Doch inzwischen hat sich das Blatt gewendet. Die Grünen setzen auf
Regierungsbeteiligung und versuchen, ihre Anliegen in Koalitionen
durchzupauken. Das Volk aber folgt ihnen nicht immer. Besonders weh tat der
Partei die Volksblockade der von der grünen Senatorin Christa Goetsch mit
viel Herzblut entwickelten Schulreform, einem der wichtigsten Eckpfeiler
des schwarz-grünen Koalitionsvertrages in Hamburg. Der verlorene
Volksentscheid war für viele Grüne ein Schock und leitete das Ende der
ersten Ehe zwischen CDU und Grünen auf Länderebene ein.

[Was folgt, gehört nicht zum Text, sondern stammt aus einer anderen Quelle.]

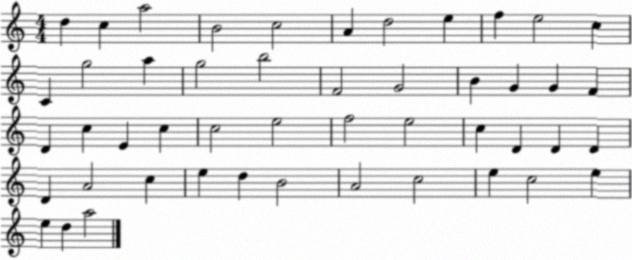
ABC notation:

Zwar treten die Grünen offiziell noch immer für eine Ausweitung der
Volksgesetzgebung ein, doch hinter vorgehaltener Hand hört man von
Parteifunktionären oft kritische Stimmen zu der Vision, dass das Volk
möglichst viel selbst entscheiden sollte. Die Liebe zur direkten Demokratie
scheint ein wenig erkaltet.
Ohnehin eignet sich das Instrument des Volksentscheids immer auch für
Parteien, die starke Stimmungen und Bewegungen in der Gesellschaft
repräsentieren, in den Parlamenten aber nicht als koalitions- und
mehrheitsfähig gelten. Was früher auf die Grünen zutraf, gilt heute mehr
als für jede andere Partei für die AfD. Kein Wunder, dass sich der
parlamentarische Arm der Pegida-Bewegung heute als Vorreiter der direkten
Demokratie versteht.
Im Mai dieses Jahres sprach sich die AfD in ihrem Grundsatzprogramm für
eine direkte Demokratie auf Bundesebene nach Schweizer Vorbild, dem
Mutterland der Volksgesetzgebung, aus. Die AfD-Vorsitzende Frauke Petry
sagte, das Eintreten für eine so weit reichende direkte Demokratie sei „ein
einzigartiges Alleinstellungsmerkmal“ ihrer Partei. In vielen
Länderparlamenten hat die Partei inzwischen Anträge eingebracht, die
Volksgesetzgebung zu stärken.
Der Hamburger AfD-Fraktionsvorsitzende Jörn Kruse sagte gegenüber der taz,
es sei ein „wichtiges Anliegen“ seiner Partei, die Volksgesetzgebung zu
stärken. Und auch der Hamburger AfD-Politiker Jens Eckleben gibt zu
Protokoll: „Direkte Demokratie und Bürgerbeteiligung gehören seit Gründung
der AfD zu unseren Hauptanliegen.“
Die Volksgesetzgebung mag ein Ziehkind der Grünen sein. Die
Rechtspopulisten haben, so scheint es, den grünen Spross längst adoptiert.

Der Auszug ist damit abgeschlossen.